のんびりシュールな作品世界に、ほんわかと浸ろう
あのマンガ『きょうの猫村さん』が実写ドラマになる! 猫村さんを演じるのは誰? ……そんなわくわくする疑問の答えが、松重豊さんだったとは……。多くの原作ファン、松重豊ファンを驚かせた発表と、メインビジュアルの発表。そこには猫に見えなくもない、白いスウェット(?)とピンクのエプロンに身を包み、猫耳のかぶりものをした松重さんの姿がありました。手先や首もとがあらわになっている絶妙なクオリティに、猫村さんのようなとぼけた表情でただずむ松重さん。
もう、いろいろと理屈抜きに「この松重さん、いや猫村さんが動くドラマを観たい」と思わせます。そんなわくわく感から始まった、第一話。坂本龍一さん作曲、ユザーンさん作詞、そしてなんと松重さん本人が歌った主題歌「猫村さんのうた」とともに、土手沿いをのんびり猫村さんがやってきます。
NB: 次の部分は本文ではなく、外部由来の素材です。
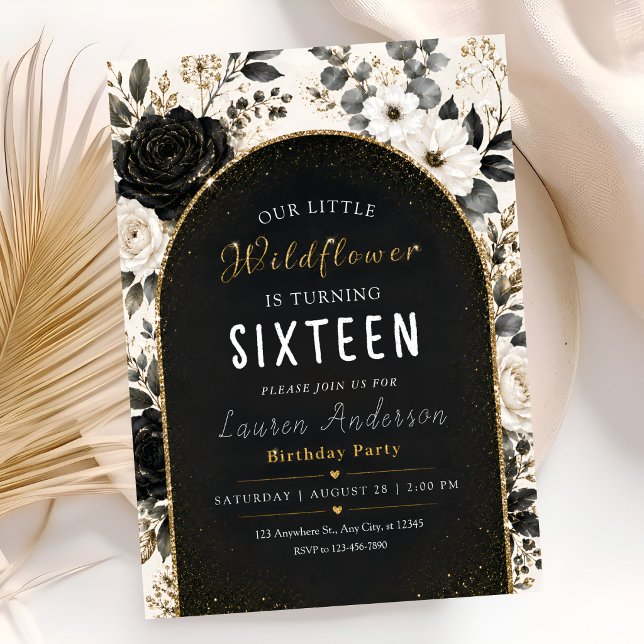 Invitación Cumpleaños Chic Flores de Oro Negro 16 (Subido por el creador)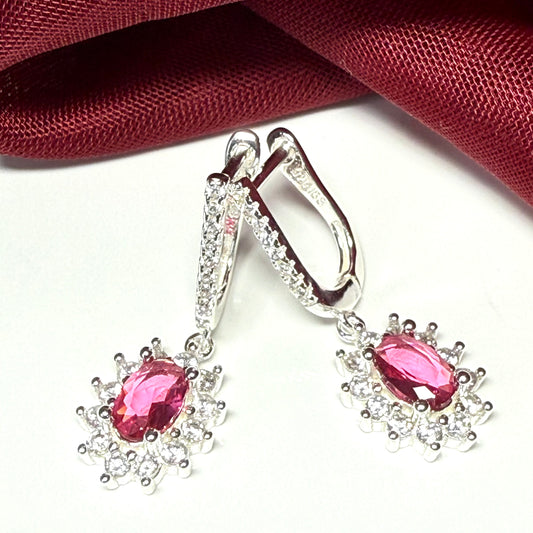 Bright red and white cubic zirconia oval cluster dress cocktail drop earrings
彼女(この三人称さえ、主演・松重豊さんを思うとシュールに見えてしまう……!)が訪れたのは、原作第一話と同じ、「村田家政婦紹介所」。そこで家政婦をする山田さんと、彼女らをまとめる村田の奥さんが、求人を見てやってきたという猫村さんを出迎えます。
玄関に出てきた山田さんの「あれ、猫じゃない?」や、村田の奥さんの「猫はほかあたったらどうだい?」というセリフ。猫村さん以外の登場人物が出てきて、やっと「そっか、まつし……猫村さんは猫なんだった」と、徐々に松重豊さん=猫という事実が、頭に浸透していきました。
猫に家政婦などできるものか。うん、山田さんや村田の奥さんの言うことはごもっともだ。そんなふたりの言葉を尻目に、猫村さんはエプロンをつけて非常に手際よく家事をこなしていきます。畳のすき間も見逃さない、掃除機さばき。洗濯物を干すのだって朝飯前だし、お茶もとってもおいしい。
ふたりが猫村さんを見直していると、仕事をやり終えた彼女はごろんと座布団の上に横になります。買い物だって得意だし、ねずみを見つけたときはすごいんだから。ドラマ終盤、にやりと笑いながらのどをごろごろ鳴らす猫村さんに、ちゃんと「猫として」愛着を持ち始めるんだから不思議です。
松重豊さんの配役以外にも、面白いキャスティングが見られるこのミニドラマ。どたばたとつづられる猫村さんを、眺めながら水曜深夜を過ごしましょう。